The Waiting Game: USC Meets with NCAA Today
It's pucker time in Los Angeles.
While the rest of college football focuses on upcoming spring practices, the University of Southern California has only one thing on its mind today—meeting with the NCAA to discuss the results of the seemingly decades-old investigations of the Trojans' basketball and football programs.
Mike Garrett will no doubt continue to maintain the school and its Athletic Department had no complicity in the alleged accusations by some unsavory characters, despite throwing then-basketball coach Tim Floyd under the bus.
Garrett has been a source of ire for Trojans' fans—he made some questionable decisions, only to be lauded as a brilliant mind when Pete Carroll became the fair-haired child of Los Angeles. Sometimes, you get lucky.

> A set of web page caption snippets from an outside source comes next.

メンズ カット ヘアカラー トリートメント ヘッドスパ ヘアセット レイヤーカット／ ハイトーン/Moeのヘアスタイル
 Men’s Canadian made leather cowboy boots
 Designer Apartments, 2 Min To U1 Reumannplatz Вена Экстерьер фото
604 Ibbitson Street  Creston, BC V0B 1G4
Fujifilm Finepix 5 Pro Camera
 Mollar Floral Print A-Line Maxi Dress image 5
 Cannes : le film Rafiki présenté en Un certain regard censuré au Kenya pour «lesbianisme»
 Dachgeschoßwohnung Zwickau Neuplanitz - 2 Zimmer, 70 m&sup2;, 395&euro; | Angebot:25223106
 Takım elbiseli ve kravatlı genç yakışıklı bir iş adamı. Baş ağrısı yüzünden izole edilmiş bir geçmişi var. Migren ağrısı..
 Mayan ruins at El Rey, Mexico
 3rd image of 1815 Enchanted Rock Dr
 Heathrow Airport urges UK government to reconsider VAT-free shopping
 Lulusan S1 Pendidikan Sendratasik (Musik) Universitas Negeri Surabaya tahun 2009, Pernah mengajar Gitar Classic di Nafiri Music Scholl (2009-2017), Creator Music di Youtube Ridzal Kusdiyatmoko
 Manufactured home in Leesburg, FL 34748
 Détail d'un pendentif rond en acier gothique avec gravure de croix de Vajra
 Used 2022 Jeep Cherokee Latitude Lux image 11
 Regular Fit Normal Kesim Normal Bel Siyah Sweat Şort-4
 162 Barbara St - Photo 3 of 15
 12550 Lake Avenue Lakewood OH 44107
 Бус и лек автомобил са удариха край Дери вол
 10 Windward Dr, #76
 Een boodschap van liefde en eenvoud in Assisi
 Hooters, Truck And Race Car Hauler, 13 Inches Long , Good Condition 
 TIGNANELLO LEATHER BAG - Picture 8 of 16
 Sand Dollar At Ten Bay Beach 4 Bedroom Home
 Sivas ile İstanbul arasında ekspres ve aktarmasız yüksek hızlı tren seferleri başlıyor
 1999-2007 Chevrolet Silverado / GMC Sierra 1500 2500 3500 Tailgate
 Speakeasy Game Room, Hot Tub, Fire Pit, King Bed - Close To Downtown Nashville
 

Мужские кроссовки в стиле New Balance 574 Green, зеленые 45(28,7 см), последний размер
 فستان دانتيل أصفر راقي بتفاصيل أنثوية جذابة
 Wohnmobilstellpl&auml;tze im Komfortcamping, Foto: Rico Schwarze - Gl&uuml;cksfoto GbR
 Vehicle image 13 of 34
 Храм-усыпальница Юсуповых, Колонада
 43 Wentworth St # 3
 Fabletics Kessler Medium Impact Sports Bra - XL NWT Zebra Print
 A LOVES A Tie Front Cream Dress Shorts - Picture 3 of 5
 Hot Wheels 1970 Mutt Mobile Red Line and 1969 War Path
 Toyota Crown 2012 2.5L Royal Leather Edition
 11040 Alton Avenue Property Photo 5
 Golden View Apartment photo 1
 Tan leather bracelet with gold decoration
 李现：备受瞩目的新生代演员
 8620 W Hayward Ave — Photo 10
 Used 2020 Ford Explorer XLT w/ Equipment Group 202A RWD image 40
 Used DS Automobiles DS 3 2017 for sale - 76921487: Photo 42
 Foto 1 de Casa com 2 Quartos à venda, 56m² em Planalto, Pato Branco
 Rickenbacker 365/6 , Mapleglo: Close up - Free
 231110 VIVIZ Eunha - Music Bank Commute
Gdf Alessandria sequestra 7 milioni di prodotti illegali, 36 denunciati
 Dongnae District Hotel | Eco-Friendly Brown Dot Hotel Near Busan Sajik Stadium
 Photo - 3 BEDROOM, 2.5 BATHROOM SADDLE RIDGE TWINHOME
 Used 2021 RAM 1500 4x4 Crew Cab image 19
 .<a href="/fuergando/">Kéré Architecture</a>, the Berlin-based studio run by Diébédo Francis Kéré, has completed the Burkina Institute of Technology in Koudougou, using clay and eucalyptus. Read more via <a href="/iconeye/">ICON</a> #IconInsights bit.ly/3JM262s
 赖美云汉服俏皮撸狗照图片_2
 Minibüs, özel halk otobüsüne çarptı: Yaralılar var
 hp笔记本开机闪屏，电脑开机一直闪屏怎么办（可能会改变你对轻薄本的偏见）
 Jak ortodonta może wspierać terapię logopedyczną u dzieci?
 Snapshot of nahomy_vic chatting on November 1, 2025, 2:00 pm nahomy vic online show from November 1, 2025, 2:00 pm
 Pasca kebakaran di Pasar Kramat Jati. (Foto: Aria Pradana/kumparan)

Let's just see how his luck holds out today.
Most football fans don't ever want to see a school hammered by the NCAA. Part of the reason why is the NCAA's own doing. The NCAA has no fans in football nation because their heavy-handed tactics have ruined at least one major program (SMU), which probably deserved what it got but is now the gold standard that the NCAA should never reach for again.
The NCAA's discussions with USC should reveal the depth and scope of the investigation and what violations they found, if any. After five years, you would think there was something substantial, but think again.
Five years?
If the allegations about Reggie Bush were true, wouldn't that have come out a long time ago? The fact that this investigation took so long seems to indicate that the investigators had leads but couldn't make them valid. Either you have the goods on USC or you don't. If you don't, you keep looking. And looking.
Or you hope you can use information gathered from Lake v. Bush pre-trial depositions, which as of now still haven't taken place. The NCAA apparently wanted to wait for that information but has decided to press on without testimony from the depositions.
Without legal testimony, the NCAA has to rely on eyewitness accounts and documents submitted as evidence. But this gets tricky, because the main witness, Lloyd Lake, has a shaky background. So who do you believe?
Lake? He has been arrested seven times, was incarcerated several years, and is described as a "career offender" by the US District Court. He also made some cash from a book—Tarnished Heisman: Did Reggie Bush turn his final college season into a six-figure jo b?— when he gave author Don Yaeger taped excerpts of Bush's alleged illegal benefits.
Bush? Super Bowl winner, Heisman Trophy winner, two-time National Championship winner, on-again, off-again boyfriend of Kim Kardashian, and contributing rebuilder of New Orleans after Katrina hit. He has no criminal record.
If this case is decided on the character of witnesses, Bush wins.
If this case is decided on overwhelming evidence—which seems far-fetched, because if there was a ton of evidence, why did this investigation take five years?—then USC deserves to get hammered.
Lack of institutional control is the key. If USC knew players were receiving illegal benefits, or should have known they were receiving illegal benefits, then loss of scholarships and more is a distinct possibility. The school has already denied having any knowledge of violations occurring, so the question is, should they have known if evidence points to the allegations being true?
What will likely happen?
Football: Two years probation with the NCAA's microscope under USC's butt for the next two years to make sure every i is dotted, every t is crossed.
Basketball: Status quo. USC already imposed severe sanctions on itself, including probation, no postseason play, no Pac-10 Tourney, and reduction of scholarships. Lengthening probation seems like a likely scenario.
How the meeting today went may not be known right away, but if you see a pen in Seantrel Henderson's hand, Trojans fans can exhale.